The Valley of the Shadow

by Terri Mork Speirs

Do you really buy all this stuff about how joy comes in suffering? On the surface it sounds like a Christian spin job. Bad is good. War is peace. The sky is green.

Speaking for myself, I’m buying it. Yes. Yes. YES. I believe it with all my heart and soul. Come with me and I’ll take you on a little trip around the universe. Let me tell you how the grace of God doubled over the evil that took hold of us.

It all started with Bob’s liver. Bob is my husband, and his liver quit working for about six months because of an allergic reaction, it seems, to a simple antibiotic. Meanwhile, the rest of us — two children, ages 7 and 10, and me — found that our own lives quit too, as a failing liver’s wild bile poisoned Bob from head to toe.

Exactly what happens when a liver decides to leave? Imagine your living room as a morgue and your husband as its only client. Bob lay in casket position; we were in purgatory.

You should have seen us try to get him to eat. Spoon feeding. Straws.

You should have seen us try to get him to doctor’s appointments. Wheelchairs. Blankets.

You should have seen the way the kids could hardly stand to look at him anymore. Egg-yolk eyes. Emaciated daddy.

There were no better days and worse days. Every day merely dropped a few degrees lower than the day before. It was a sweeping, slow, and steady descent into hell. Yet there was also an opposite force of intense holiness.

Grace and chaos.
Bob and me.
From our care page Web site, December 30, 2006
Early this morning I could tell that Bob was having a bad dream. I tried to wake him. He was stuck in that state where he could hear me but he couldn’t move or speak. I could tell he was trying to say something to me, but his mouth was paralyzed. Scared me to death. I almost called 911. "Can you hear me! Who am I! What’s my name!"
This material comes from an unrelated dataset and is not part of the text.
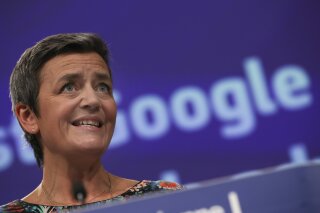 
              European Competition Commissioner Margrethe Vestager speaks during a media conference at EU headquarters in Brussels, Wednesday, March 20, 2019. European Union regulators have hit Google with a 1.49 billion euro ($1.68 billion) fine for abusing its dominant role in online advertising. (AP Photo/Francisco Seco)
            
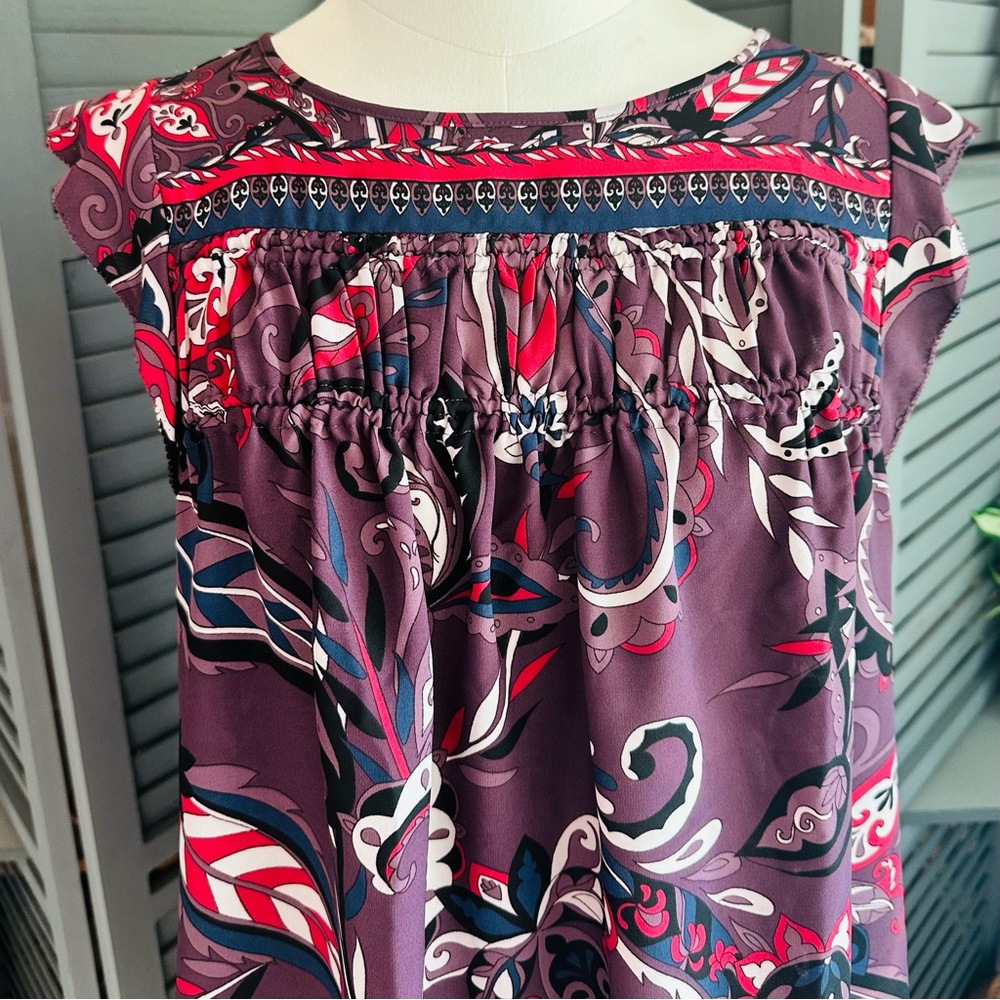 LOFT Purple Paisley Flutter Sleeve Blouse Smocked Ruffle Front and Keyhole Back. - Picture 4 of 11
It’s not about having what you want. It’s about wanting what you’ve got. That’s what happened to Bob and me during the liver expedition. We decided that we wanted what we had: each other. Our marriage was fine; we were well into our 13th year, and honestly, you just get into a mode where all you are consumed with is the logistics of the kids and the dog days of life. Plus, we were in the midst of Bob’s pastoral call process since he had just graduated from seminary. Okay, I admit, that stress was taking a toll. But when you believe that your husband is slowly dying, you realize that nothing else matters but that he lives. Period. Bob’s poisoned body seemed to purify our marriage. Not only that, but it cleansed our way of thinking about everyone.

Comfort and grief.
The care page.
January 15, 2007
Did you know that you partied with us tonight? I read your names off to my 7- year-old Aidan for his bedtime reading. Not exactly that I wanted to, but because he insisted. I read each and every name off to him. All 180 or so of you….It was like the party that Aidan’s been wanting to have. Like you were all there with us, tucking in. You were the Body of Christ enveloping my baby boy with love and I thank you so much.

On a fullmoon night, three months into the lost liver, Bob went to the hospital for the fifth and final time. This time to the Mayo Clinic transplant unit, so very nicely outfitted with computers for the family. That’s where I started the care page Web site. It was just words that I spurted out to let everyone know what was going on and for my own release. That Web site became the centerpiece of our survival, as we were otherwise so isolated in our own terror and despair.

A choir of angels is who they were, everyone who logged onto that care page site. Every day I read the names aloud to Bob, which would often prompt us to weep together. Our son, Aidan, became curious about the list and so I printed it out for him. You can never know how crises play out in the hearts of children, but I can say that he slept with those stapled papers in his bed for about a month. He invented complicated games using all the names, some that he knew, many that he did not. No matter. They were angels.

Gratitude and panic.
Family.
December 26, 2006

Take deep breaths. Isn’t that what you do to avoid panic attacks? To get oxygen to your brain when you simply must remain clearthinking. Like when your kids are in the back seat of the car and you’re driving your husband to the emergency room at 11:30 p.m. An hour and half on the road in the rain. The best thing to do if you feel panic coming on is to pull off at the next exit, open the window, and take deep breaths.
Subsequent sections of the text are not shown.